DESCRIPTION OF THE TASK:
Your answer must be an exact transcription of every record below, with the pictures omitted.
RAW DATA: Begin
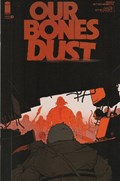OUR BONES DUST #3B 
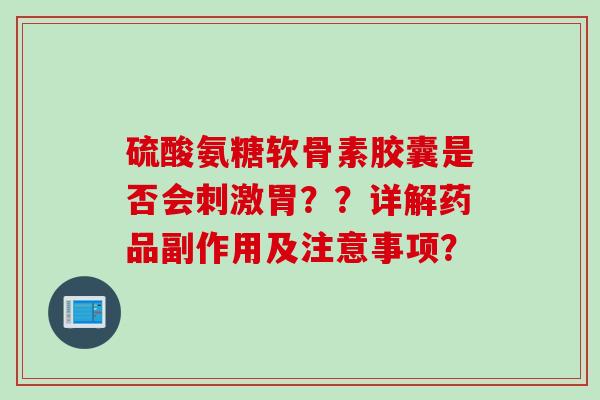 硫酸氨糖软骨素胶囊是否会刺激胃??详解药品副作用及注意事项? 硫酸氨糖软骨素胶囊是否会刺激胃??详解药品副作用及注意事项?
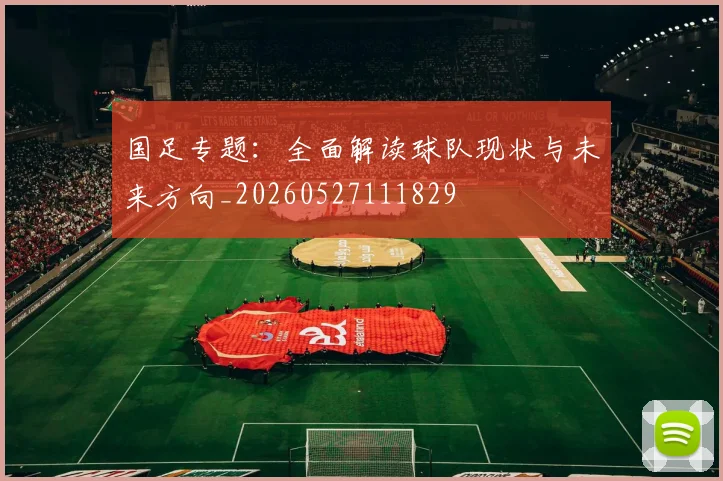 国足专题:全面解读球队现状与未来方向_20260527111829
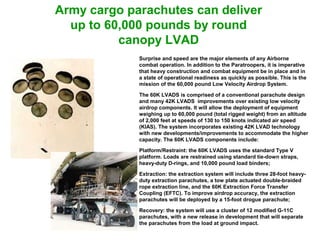 Army cargo parachutes can deliver
  up to 60,000 pounds by round
          canopy LVAD
             Surprise and speed are the major elements of any Airborne
             combat operation. In addition to the Paratroopers, it is imperative
             that heavy construction and combat equipment be in place and in
             a state of operational readiness as quickly as possible. This is the
             mission of the 60,000 pound Low Velocity Airdrop System.

             The 60K LVADS is comprised of a conventional parachute design
             and many 42K LVADS improvements over existing low velocity
             airdrop components. It will allow the deployment of equipment
             weighing up to 60,000 pound (total rigged weight) from an altitude
             of 2,000 feet at speeds of 130 to 150 knots indicated air speed
             (KIAS). The system incorporates existing 42K LVAD technology
             with new developments/improvements to accommodate the higher
             capacity. The 60K LVADS components include:

             Platform/Restraint: the 60K LVADS uses the standard Type V
             platform. Loads are restrained using standard tie-down straps,
             heavy-duty D-rings, and 10,000 pound load binders;

             Extraction: the extraction system will include three 28-foot heavy-
             duty extraction parachutes, a tow plate actuated double-braided
             rope extraction line, and the 60K Extraction Force Transfer
             Coupling (EFTC). To improve airdrop accuracy, the extraction
             parachutes will be deployed by a 15-foot drogue parachute;

             Recovery: the system will use a cluster of 12 modified G-11C
             parachutes, with a new release in development that will separate
             the parachutes from the load at ground impact.
 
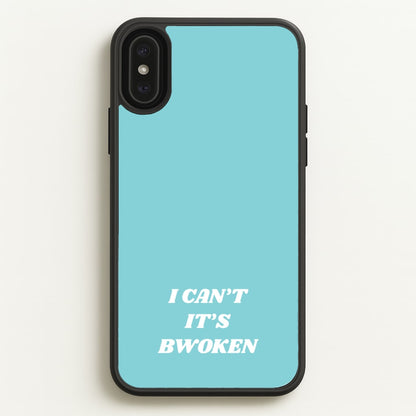 I Can't It's Bwoken  - F1 Phone Case for iPhone XS Max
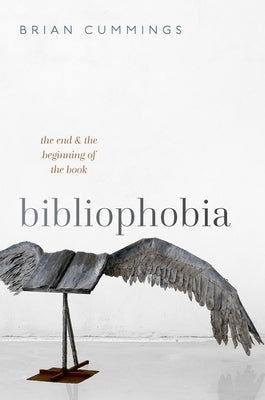 Bibliophobia: The End and the Beginning of the Book by Cummings, Brian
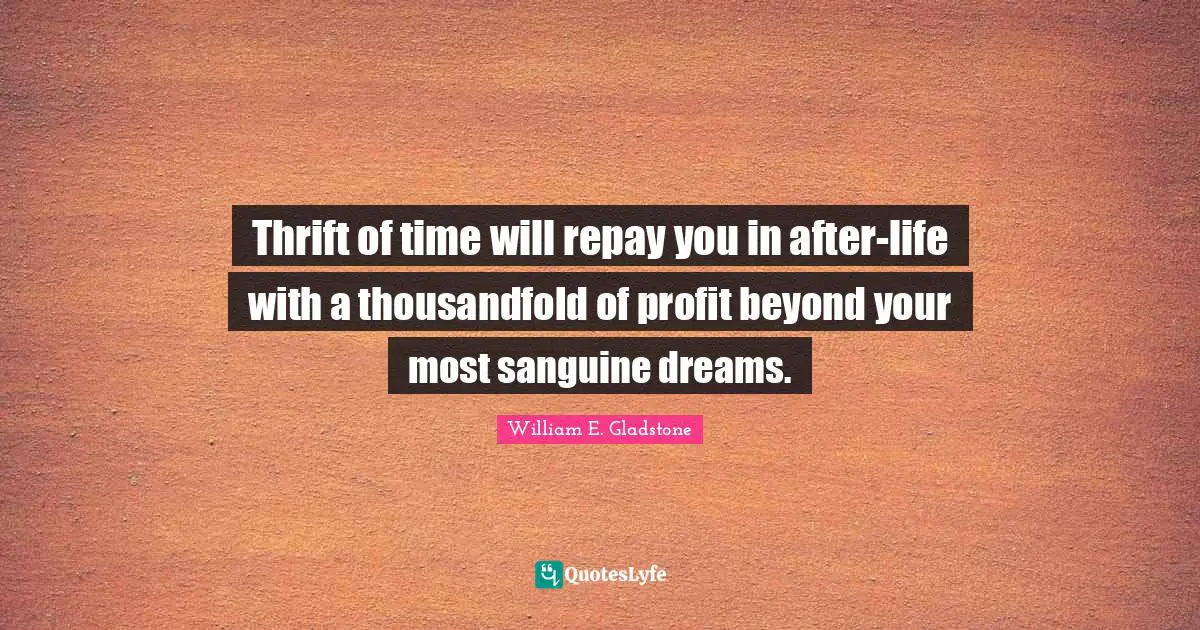 Thrift Quotes: "Thrift of time will repay you in after-life with a thousandfold of profit beyond your most sanguine dreams."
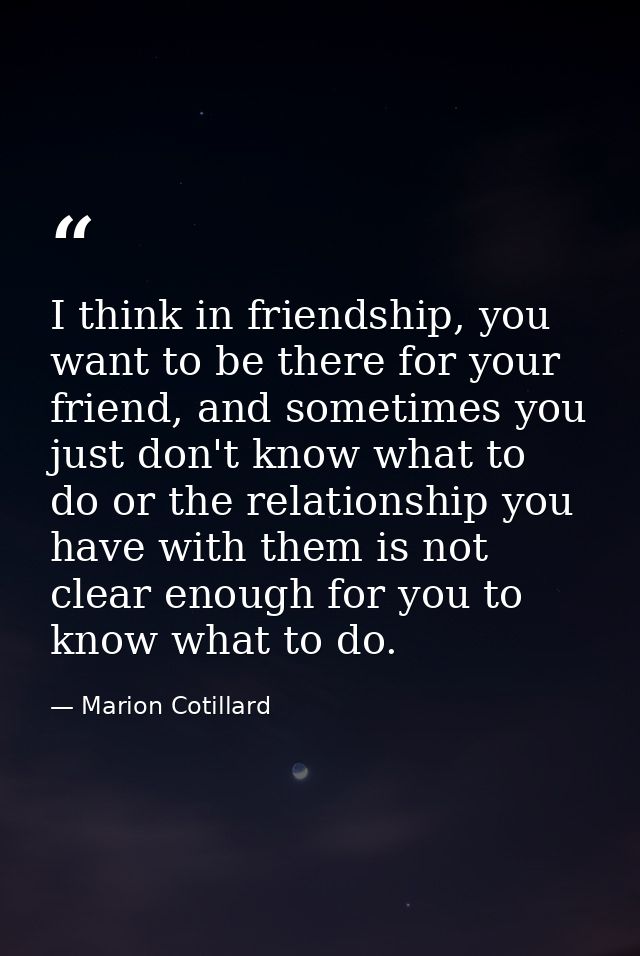I think in friendship, you want to be there for your friend, and sometimes you just don't know what to do or the relatio — Marion Cotillard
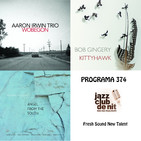 Programa 374 - FSNT: Aaron Irwin Trio, Bob Gingery i Magnus Thuelund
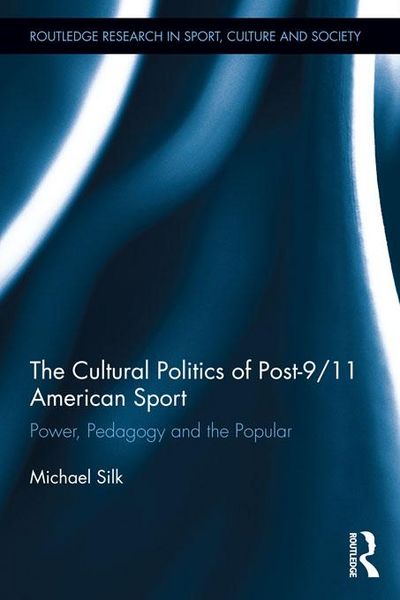Produktbild: The Cultural Politics of Post-9/11 American Sport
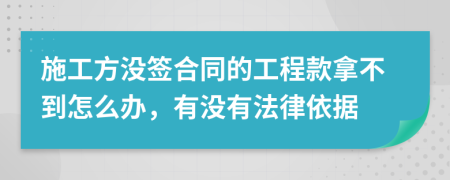 施工方没签合同的工程款拿不到怎么办，有没有法律依据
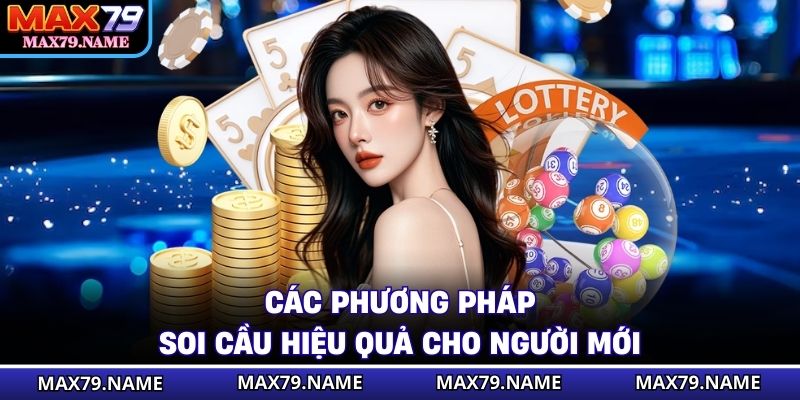 Các phương pháp soi cầu hiệu quả cho người mới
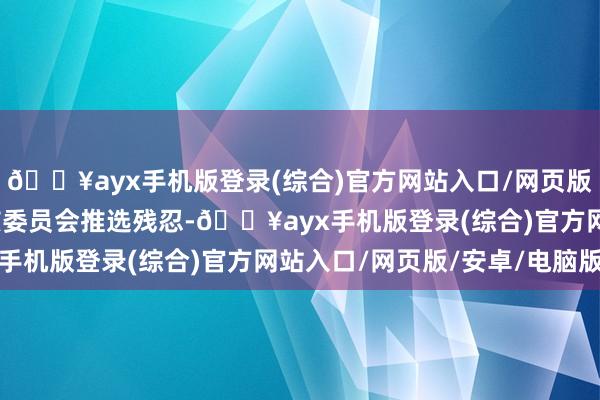 🔥ayx手机版登录(综合)官方网站入口/网页版/安卓/电脑版凭据审核委员会推选残忍-🔥ayx手机版登录(综合)官方网站入口/网页版/安卓/电脑版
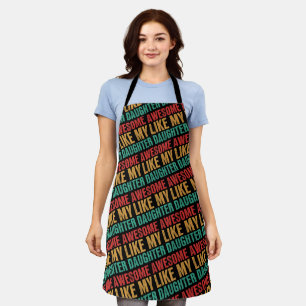 Awesome Like My Daughter Funny Fathers Day Gift Apron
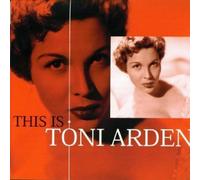 This Is Toni Arden by Arden, Toni [Music CD]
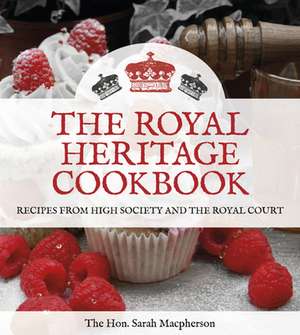 The Royal Heritage Cookbook de The Hon. Sarah Connolly Carew MacPherson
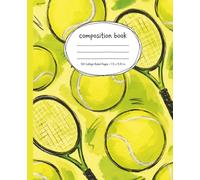 Composition Notebook College Ruled: Tennis Racket & Ball Pattern: Fun Athletic Journal for School, Work & Everyday Notes
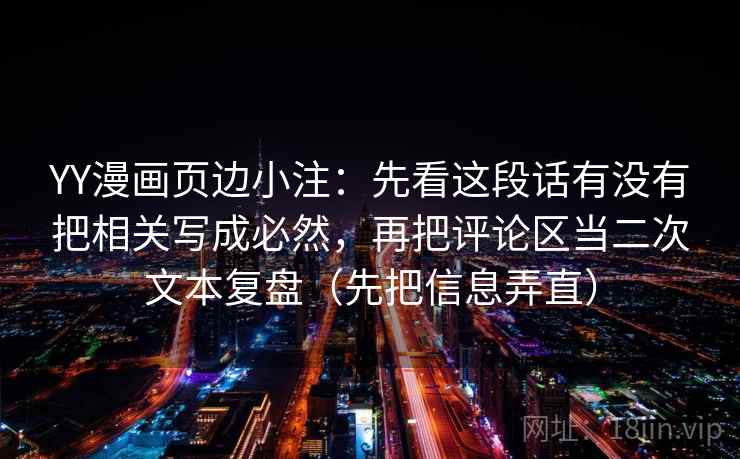 YY漫画页边小注：先看这段话有没有把相关写成必然，再把评论区当二次文本复盘（先把信息弄直）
RAW DATA: End
THE COMPLETED TASK:
OUR BONES DUST #3B 
 硫酸氨糖软骨素胶囊是否会刺激胃??详解药品副作用及注意事项? 硫酸氨糖软骨素胶囊是否会刺激胃??详解药品副作用及注意事项?
 国足专题:全面解读球队现状与未来方向_20260527111829
 Army cargo parachutes can deliver
  up to 60,000 pounds by round
          canopy LVAD
             Surprise and speed are the major elements of any Airborne
             combat operation. In addition to the Paratroopers, it is imperative
             that heavy construction and combat equipment be in place and in
             a state of operational readiness as quickly as possible. This is the
             mission of the 60,000 pound Low Velocity Airdrop System.

             The 60K LVADS is comprised of a conventional parachute design
             and many 42K LVADS improvements over existing low velocity
             airdrop components. It will allow the deployment of equipment
             weighing up to 60,000 pound (total rigged weight) from an altitude
             of 2,000 feet at speeds of 130 to 150 knots indicated air speed
             (KIAS). The system incorporates existing 42K LVAD technology
             with new developments/improvements to accommodate the higher
             capacity. The 60K LVADS components include:

             Platform/Restraint: the 60K LVADS uses the standard Type V
             platform. Loads are restrained using standard tie-down straps,
             heavy-duty D-rings, and 10,000 pound load binders;

             Extraction: the extraction system will include three 28-foot heavy-
             duty extraction parachutes, a tow plate actuated double-braided
             rope extraction line, and the 60K Extraction Force Transfer
             Coupling (EFTC). To improve airdrop accuracy, the extraction
             parachutes will be deployed by a 15-foot drogue parachute;

             Recovery: the system will use a cluster of 12 modified G-11C
             parachutes, with a new release in development that will separate
             the parachutes from the load at ground impact.
 
 I Can't It's Bwoken  - F1 Phone Case for iPhone XS Max
 Bibliophobia: The End and the Beginning of the Book by Cummings, Brian
 Thrift Quotes: "Thrift of time will repay you in after-life with a thousandfold of profit beyond your most sanguine dreams."
I think in friendship, you want to be there for your friend, and sometimes you just don't know what to do or the relatio — Marion Cotillard
 Programa 374 - FSNT: Aaron Irwin Trio, Bob Gingery i Magnus Thuelund
Produktbild: The Cultural Politics of Post-9/11 American Sport
 施工方没签合同的工程款拿不到怎么办，有没有法律依据
 Các phương pháp soi cầu hiệu quả cho người mới
 🔥ayx手机版登录(综合)官方网站入口/网页版/安卓/电脑版凭据审核委员会推选残忍-🔥ayx手机版登录(综合)官方网站入口/网页版/安卓/电脑版
 Awesome Like My Daughter Funny Fathers Day Gift Apron
 This Is Toni Arden by Arden, Toni [Music CD]
 The Royal Heritage Cookbook de The Hon. Sarah Connolly Carew MacPherson
 Composition Notebook College Ruled: Tennis Racket & Ball Pattern: Fun Athletic Journal for School, Work & Everyday Notes
 YY漫画页边小注：先看这段话有没有把相关写成必然，再把评论区当二次文本复盘（先把信息弄直）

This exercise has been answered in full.